Repeat word for word, please, only the lines from the one that includes "Aniversario Israel" through the final line of the data.

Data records
>>>>

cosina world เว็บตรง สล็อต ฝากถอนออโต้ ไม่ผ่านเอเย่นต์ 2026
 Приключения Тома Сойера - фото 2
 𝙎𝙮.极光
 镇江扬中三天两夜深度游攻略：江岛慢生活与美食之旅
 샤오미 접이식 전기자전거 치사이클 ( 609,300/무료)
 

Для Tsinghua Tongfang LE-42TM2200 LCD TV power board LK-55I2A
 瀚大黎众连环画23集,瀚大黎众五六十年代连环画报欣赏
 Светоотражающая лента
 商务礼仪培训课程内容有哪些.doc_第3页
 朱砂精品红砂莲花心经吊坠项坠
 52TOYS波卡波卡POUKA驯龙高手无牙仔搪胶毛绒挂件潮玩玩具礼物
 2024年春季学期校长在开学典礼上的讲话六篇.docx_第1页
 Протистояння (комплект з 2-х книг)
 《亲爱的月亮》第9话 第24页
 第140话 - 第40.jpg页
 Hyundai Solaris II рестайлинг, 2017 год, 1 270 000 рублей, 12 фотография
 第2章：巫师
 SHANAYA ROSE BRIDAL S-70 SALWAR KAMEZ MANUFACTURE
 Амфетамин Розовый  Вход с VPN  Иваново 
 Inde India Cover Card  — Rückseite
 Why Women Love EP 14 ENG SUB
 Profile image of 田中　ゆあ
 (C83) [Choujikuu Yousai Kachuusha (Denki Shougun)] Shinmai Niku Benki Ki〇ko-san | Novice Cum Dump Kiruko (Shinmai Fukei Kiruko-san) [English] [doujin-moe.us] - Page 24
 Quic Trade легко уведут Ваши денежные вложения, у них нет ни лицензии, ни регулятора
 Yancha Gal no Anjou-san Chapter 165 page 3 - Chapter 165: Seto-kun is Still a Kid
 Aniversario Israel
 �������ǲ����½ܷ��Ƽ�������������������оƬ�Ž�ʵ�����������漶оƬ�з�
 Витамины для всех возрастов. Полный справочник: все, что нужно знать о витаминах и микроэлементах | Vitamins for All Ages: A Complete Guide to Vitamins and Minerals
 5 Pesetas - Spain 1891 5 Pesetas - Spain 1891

<<<<

SOLVED PROBLEM
 Aniversario Israel
 �������ǲ����½ܷ��Ƽ�������������������оƬ�Ž�ʵ�����������漶оƬ�з�
 Витамины для всех возрастов. Полный справочник: все, что нужно знать о витаминах и микроэлементах | Vitamins for All Ages: A Complete Guide to Vitamins and Minerals
 5 Pesetas - Spain 1891 5 Pesetas - Spain 1891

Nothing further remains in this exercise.